For China Eastern, whose net loss shrank only a bit more than 100 million yuan, Lau estimated that the bottom line would have been even worse without the tailwind from the foreign exchange market.
Beijing-based Air China was the hardest hit, as it is relatively more reliant on international flights than its competitors. Its quarterly revenue decline of 15.5% and net loss of 6.207 billion yuan were the worst among the three top airlines.
For the country’s low-cost and smaller carriers, the first quarter showed mixed trends.

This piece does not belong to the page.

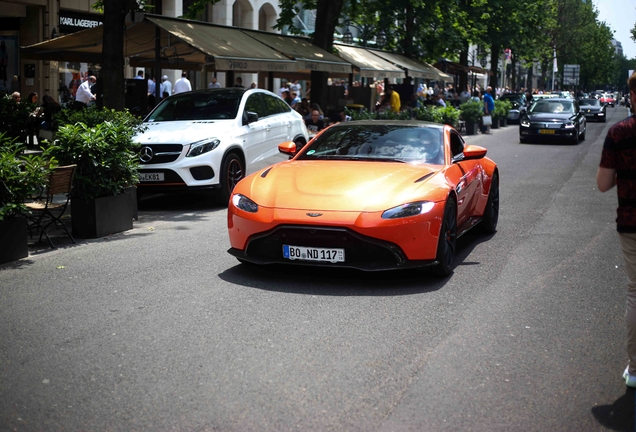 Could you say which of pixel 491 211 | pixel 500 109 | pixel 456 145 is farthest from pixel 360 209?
pixel 500 109

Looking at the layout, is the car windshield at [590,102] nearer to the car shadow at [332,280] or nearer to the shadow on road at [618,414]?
the car shadow at [332,280]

Spring Airlines, the largest low-cost carrier in China, reported a 7% decline in first quarter revenue to 2.22 billion yuan, despite carrying 4.65 million domestic passengers, nearly double from a year earlier. The Shanghai-based private airline’s net loss also widened to 284.79 million yuan from 227.32 million yuan.
Things were slightly better for other smaller competitors. Juneyao Airlines, another Shanghai-based private carrier, posted a 3% gain in revenue to 2.45 billion yuan, while Hainan Airlines, a key HNA Group company that is now in bankruptcy proceedings, saw its revenue grow 12% to 7.73 billion yuan. Still, both airlines reported net losses, although they were smaller than a year earlier.
Despite the weak first quarter results, the outlook for China’s airlines looks brighter.
Dai at CAPA said that “there is cause for optimism for China’s domestic aviation market,” going forward. She pointed to the Qingming festival holiday break in early April, when air travel volume — or the number of passengers carried — was at nearly 90% of the pre-pandemic 2019 level, and ticket prices were about 96% of what they were during the holiday two years ago. The upcoming May Day break is expected to be even better.
“We have positive read-throughs from the latest travel booking data for the upcoming Labor Day holiday,” Citibank analyst Lydia Ling said in a report. During the first five days of May, she expects tourist numbers to exceed pre-pandemic levels, “which underpins our belief in a more solid travel recovery in China.”
Despite the bullish tone from analysts and consultants, the airlines themselves are maintaining a cautious tone.
Xie at China Southern warned investors on Thursday that “in view of the continuing impact of the pandemic on the air transport industry, and the uncertainty of the pandemic trend, it is expected that the operating results of the group will still be adversely affected in the first half of 2021, and there are huge uncertainties.”